# importing a car



## Nignoy (Jun 4, 2010)

What are the do,s and donts when importing a car into portugal, we have a new a2012 registered Holden(opel)and we would like to bring it with us to the algarve, are there any big customs or tax bills that I must reckon with,would be grateful for any information, thanks in advance


----------



## siobhanwf (Mar 20, 2009)

Nignoy said:


> What are the do,s and donts when importing a car into portugal, we have a new a2012 registered Holden(opel)and we would like to bring it with us to the algarve, are there any big customs or tax bills that I must reckon with,would be grateful for any information, thanks in advance



Hi Nignoy


This subject has been covered in GREAT details already on the forum. Why not use the search facility to see what has been said previously.

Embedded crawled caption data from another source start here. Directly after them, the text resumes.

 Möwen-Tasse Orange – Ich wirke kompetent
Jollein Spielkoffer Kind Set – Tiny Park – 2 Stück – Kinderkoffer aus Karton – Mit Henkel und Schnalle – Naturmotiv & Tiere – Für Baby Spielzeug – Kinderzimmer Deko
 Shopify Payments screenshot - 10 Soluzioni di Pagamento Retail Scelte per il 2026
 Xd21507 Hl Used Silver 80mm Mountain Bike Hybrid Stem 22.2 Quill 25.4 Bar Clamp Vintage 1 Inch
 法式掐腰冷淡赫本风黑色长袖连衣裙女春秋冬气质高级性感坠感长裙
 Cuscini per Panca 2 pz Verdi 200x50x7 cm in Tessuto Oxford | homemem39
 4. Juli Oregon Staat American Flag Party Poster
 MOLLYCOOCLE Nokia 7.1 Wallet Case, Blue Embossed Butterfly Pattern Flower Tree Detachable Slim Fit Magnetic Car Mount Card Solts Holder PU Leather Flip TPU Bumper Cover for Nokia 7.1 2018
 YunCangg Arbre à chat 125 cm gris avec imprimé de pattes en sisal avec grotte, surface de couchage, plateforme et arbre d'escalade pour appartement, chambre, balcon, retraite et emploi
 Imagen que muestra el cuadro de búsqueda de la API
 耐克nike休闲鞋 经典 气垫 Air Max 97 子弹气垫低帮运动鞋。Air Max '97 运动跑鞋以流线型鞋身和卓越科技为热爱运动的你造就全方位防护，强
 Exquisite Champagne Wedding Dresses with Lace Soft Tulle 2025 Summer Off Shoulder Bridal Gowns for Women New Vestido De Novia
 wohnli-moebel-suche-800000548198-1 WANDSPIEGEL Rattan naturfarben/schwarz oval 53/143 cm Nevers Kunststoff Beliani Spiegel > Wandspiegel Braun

Use SEARCH and then advanced search and the word MATRICULATION you will find 3 pages of previous threads on this subject


----------



## canoeman (Mar 3, 2011)

Ownership period and proof of Residence would be no different if your bringing it from Spain or is it Australia? so any importation you make needs to be worked around this 12 months


----------



## Nignoy (Jun 4, 2010)

siobhanwf said:


> Hi Nignoy
> 
> 
> This subject has been covered in GREAT details already on the forum. Why not use the search facility to see what has been said previously.
> ...


I realise that this subject has been covered extensively,but having crippled hands I have to use an older version of Dragon Speak and many search machines do not function quite as they should,john


----------



## siobhanwf (Mar 20, 2009)

Nignoy said:


> I realise that this subject has been covered extensively,but having crippled hands I have to use an older version of Dragon Speak and many search machines do not function quite as they should,john



Hi John


use this link it should take you to the relevant posts.... Expat Forum For People Moving Overseas And Living Abroad - Search Results


----------



## canoeman (Mar 3, 2011)

Or this link to UK Embassy for Portugal, sets out the basics for any nationality whether its imported from EU or a 3rd country. Importing cars
To qualify for a ISV (vehicle tax) free import you must have owned car and been Resident in another country for a min 12 months and be able to prove.
If you don't qualify for that then once you have Registered as a Resident you can import a car/vehicle and pay ISV


----------



## Nignoy (Jun 4, 2010)

Thanks very muchly,greatly appreciated,j


----------



## siobhanwf (Mar 20, 2009)

canoeman said:


> Or this link to UK Embassy for Portugal, sets out the basics for any nationality whether its imported from EU or a 3rd country. Importing cars
> To qualify for a ISV (vehicle tax) free import you must have owned car and been Resident in another country for a min 12 months and be able to prove.
> If you don't qualify for that then once you have Registered as a Resident you can import a car/vehicle and pay ISV



Canoeman should that not read "Resident in another EU country" ?


----------



## canoeman (Mar 3, 2011)

Not any more the "free" ISV regulations are same for EU countries and any non EU country now, can't remember when change happened but it has


----------



## siobhanwf (Mar 20, 2009)

canoeman said:


> Not any more the "free" ISV regulations are same for EU countries and any non EU country now, can't remember when change happened but it has


A change for the good.


----------